Follow my trip further north in Chile

Going north in Chile

After a week at Hostal Casa Matte I was getting over the jetlag and was starting to get some half decent sleep. Man, jetlag is really terrible and it gets worse as you get older, at least for me. Without proper sleep for many days both my body and mind are affected. Oh well, hopefully, I’m on the mend.

The hostal caters for bike travelers and when I left there were people from many parts of the world, ok, perhaps, mainly Europeans and Americans. It’s a great place to stay with many interesting conversations all through the day, and often as people work on their bikes. So it was a bit sad to leave. 😭

I decided to go north because last year I went south and I saw and experienced most of that part of Chile and Argentina.

Getting out of santiago is a challenge trying to avoid the automatic toll roads and, of course, I failed again. So, more fines đŸ˜©. I’m taking Ruta 5, the highway that goes from the north of Chile to the south, it’s also called the pan american high way. It was rather hot at more than 35c before getting to the coast where the temperature dropped to 25c. But also quite strong winds.

The bike is running really well, and I’m very happy with it. It was a reluctant buy since I really wanted another brand, however, it was not available so I had to settle for the Royal Enfield Himalayan 450.

Los Vilos

I stopped for the day at a place called Los Vilos after 250 kms. I found a hotel with the fancy name of Lord Willow. Sounds very posh but it’s rather basic, but the shower is hot and the bed clean and comfortable.

As I go along the roads of the town and sitting looking out of the restaurant window I notice the love affair of chileans and trucks and suv’s. It’s almost as if I was in Texas again! What’s the point of driving around in a 2 or 3 ton truck? I can’t figure it out, obviously marketing of these behemoths have been very effective.

Los Vilos is a typical small seaside town and it’s really nice to be away from big city santiago!

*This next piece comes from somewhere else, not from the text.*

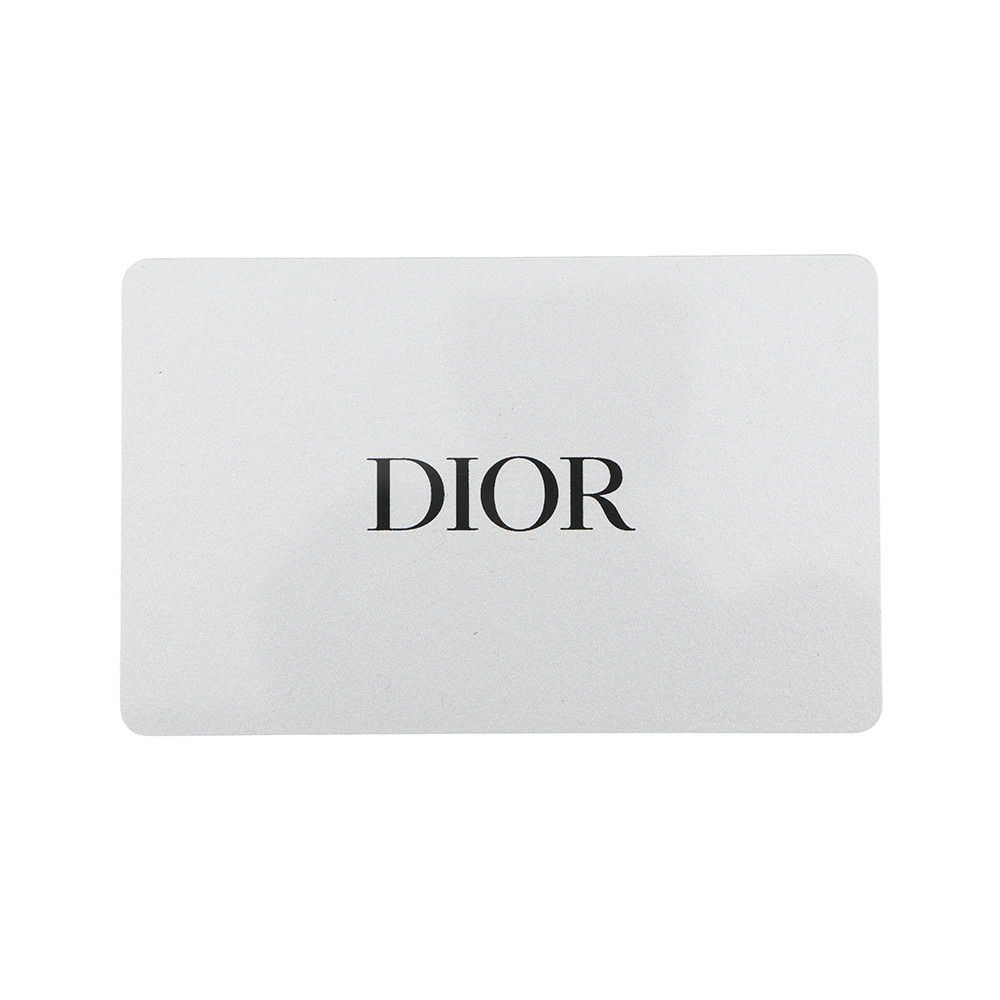クリスチャン・ディオール チェーンショルダーバッグ カナージュ Caro カロ カーフレザー M9242UNGK Christian Dior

By the beach at Los Vilos.

After a good night’s sleep I have a lazy morning and decide to stay for another day. Walking along the beach I hear the thunder of the waves, the smell of the ocean and seaweed and I feel really happy and relaxed. 😁I realize the trip has been quite stressful so far and it’s so nice to feel relaxed and calm again.

Exercise in the sand
Beginners surfing class
Kilometer long beach

In Santiago it got very hot in the afternoon, 35c, but at night a lot cooler at 16c. So it was hot going to bed, of course no ac, but in the morning quite nice temperature. Here in Los Vilos the temperature at night comes down to 12c and I need blankets not to freeze! There are no heaters in the rooms so I assume the winter temperature doesn’t get a lot cooler.

In the end I stayed three nights at the place. I really enjoyed my time there. Apart from the last night when loud music was played until 5am! Earplugs did help a bit but the bass tones come through anyway so I didn’t get much sleep that night.

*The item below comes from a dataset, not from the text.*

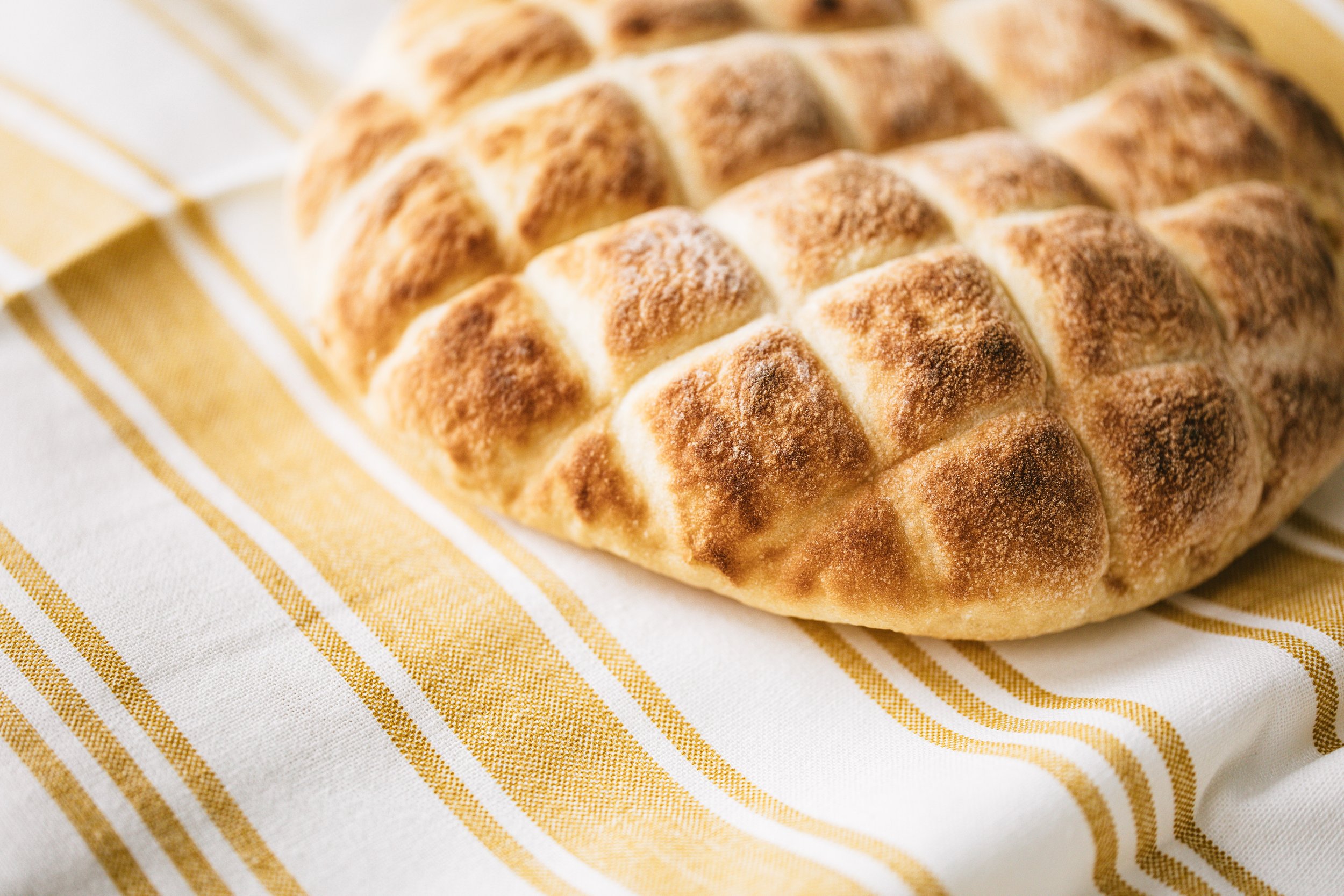 3 Healthy, Easy Late Summer Recipes for Weight Loss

The next goal is La Serena, a much larger town 250 km north. The temperature was around 20c but with strong wind it felt much colder and I had to stop to put more clothes on.  After stopping at a service area the sun burned through the clouds and it became a lot warmer.

I turned off Ruta 5 to visit Parques nacional bosque Fray Jorge, a detour of 30km each way. This park has unusual vegetation for the area because of a unique microclimate formed by a peculiar geometry of cliffs rising from the pacific ocean giving lush greenery.

The man himself with the cloud covered green hills in the background
Unusual large trees for the dry surrounding area

La Serena

I arrived afternoon time at La Serena and set about finding a hotel. This time booking.com found me a nice hotel and showed an even lower price than what the receptionist asked for. It’s located close to the center of town.

I walked around the very busy town today. The streets are narrow and there’s cars queuing everywhere, it’s almost like a grid lock. Streets are layed out in rectangular fashion so it’s easy to navigate around the streets. There are nice looking old buildings along the streets everywhere and several really large squares. It’s quite a beautiful town!

After two nights in La Serena, I felt it was time to continue my trek north so after breakfast and packing I set off around 9am for a 400 km ride north to a town called Caldera. Some days I wonder why I set off on this trip and today was one of those days. The surroundings of the entire ride was like moon landscape.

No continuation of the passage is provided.